- Geographic distribution: Northern Territory, Queensland
- Linguistic classification: Pama–NyunganNgarna;
- Subdivisions: Yanyuwa; South Ngarna;

Language codes
- Glottolog: ngar1290
- Ngarna languages (green) among other Pama–Nyungan (tan). The two Ngarna areas are separated by the Garrwan and Mirndi languages (grey).

= Ngarna languages =

Branch of the Pama–Nyungan language family of Australia

The Ngarna or Warluwar(r)ic languages are a discontinuous primary branch of the Pama–Nyungan language family of Australia. The moribund Yanyuwa language is the only survivor of this group.

The two geographic and also cladistic groups are:

- Ngarna
  - Yanyuwa
  - Southern Ngarna/Warluwar(r)ic
    - Ngarru
      - Wagaya
      - Yindjilandji
    - Thawa
      - Bularnu
      - Warluwara

== History and status ==

"Warluwar(r)ic" was first proposed by O'Grady, Voegelin and Voegelin (1966), consisting of Warluwarra only, to which the "Wakayic" (consisting of Wakaya) and "Yanyulan" groups (consisting of Yanyuwa) were later proved to be related. Bularnu and Yindjilandji were later recorded and also added to the classification. On the basis of shared pronoun systems and nominal case-marking, Barry Blake (1988) later grouped Yanyuwa, Wakaya (and by extension Yindjilandji), Bularnu and Warluwarra into the "Warluwaric" subgroup of Pama-Nyungan. Breen (2004) proposed the name "Ngarna" over "Warluwar(r)ic" (in reference to the first-person singular nominative pronoun common to all members of the subgroup), although "Warluwar(r)ic" is still commonly used. For one, Mary Laughren retains the label "Warluwarric" on the basis that (nga)rna is a common retention among many other Western Pama-Nyungan languages and not exactly unique to this subgroup.

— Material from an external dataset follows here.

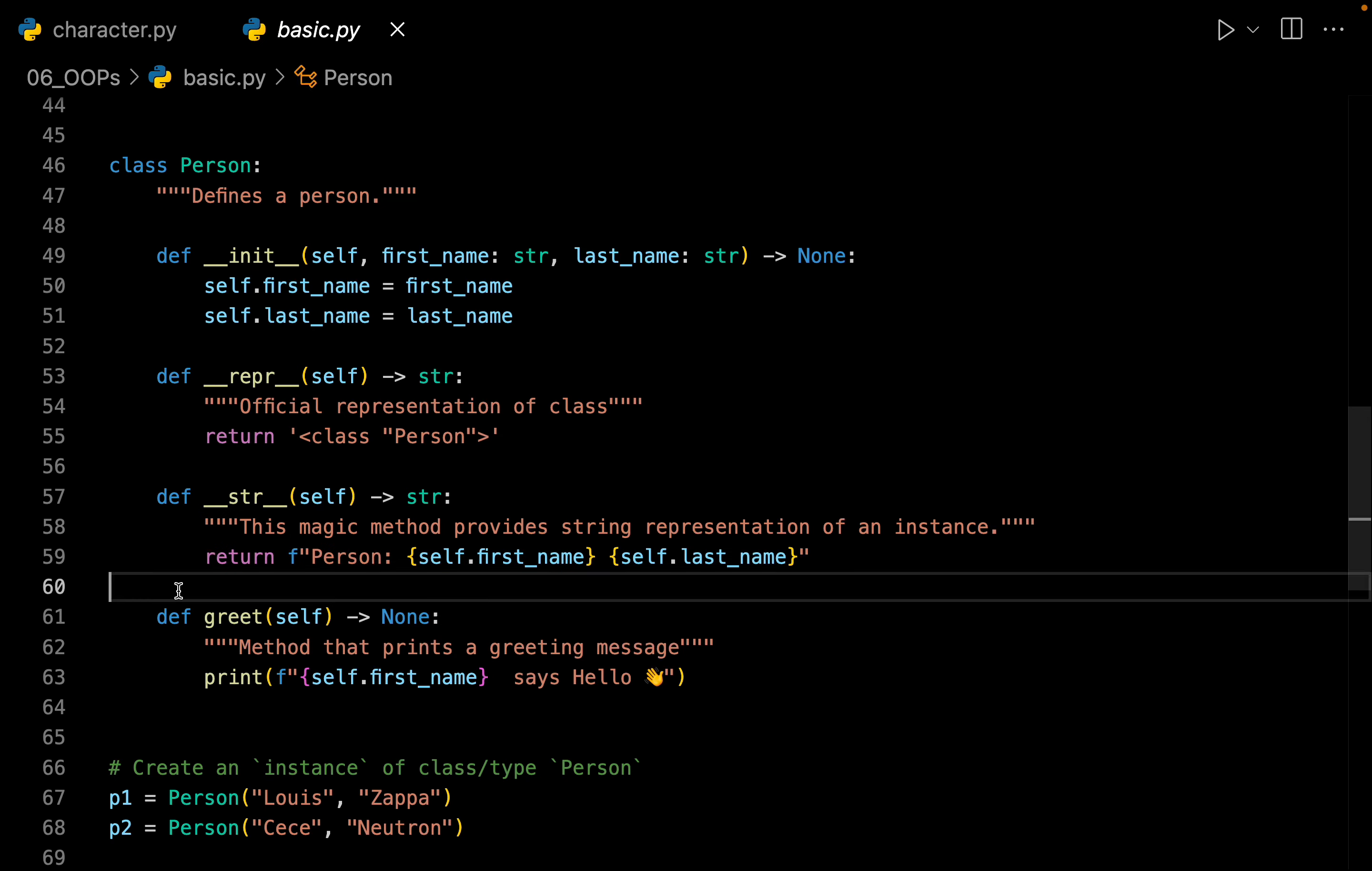A person can have different kinds of behaviors. A person can walk, a person can talk, a person can eat. So all of this can be imagined as behaviors.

Within the subgroup, Breen uses lexicostatical evidence, and also evidence from nominal and verbal morphology, to distinguish between the "Ngarru" group (containing Wagaya and Yindjilandji) and the "Thawa" group (containing Bularnu and Warluwara), each respectively after the common word for 'man, Aboriginal person'. These two groups together form the southern branch of Ngarna/Warluwar(r)ic, to which the discontinuous Yanyuwa is related at the uppermost level of the subgroup. Work on proto-Ngarna/Warluwar(r)ic has been done by Catherine Koch (1989), Daniel Brammall (1991), Margaret Carew (1993), and Gavan Breen (2004).

Beyond the subgroup, relations with other branches of Pama-Nyungan are more speculative. McConvell and Laughren (2004) entertain the possibility that the Ngumpin-Yapa languages and the Ngarna/Warluwar(r)ic languages share a common ancestor, although other evidence also suggests a closer genetic relation between Ngumpin-Yapa and the more southerly branches. In any case, early and sustained contact between speakers of Ngumpin-Yapa and Ngarna/Warluwar(r)ic languages is evinced by shared phonological changes and certain lexical similarities. Using computational phylogenetic methods, Bowern and Atkinson (2012) grouped the Ngarna/Warluwar(r)ic languages into the "Western Pama-Nyungan" group. Their work suggests a tentative link between Ngarna/Warluwar(r)ic and the Yolngu languages, forming a higher subgroup to which the other Western Pama-Nyungan branches (i.e. Southwest Nyungic and Desert Nyungic) are more distantly related.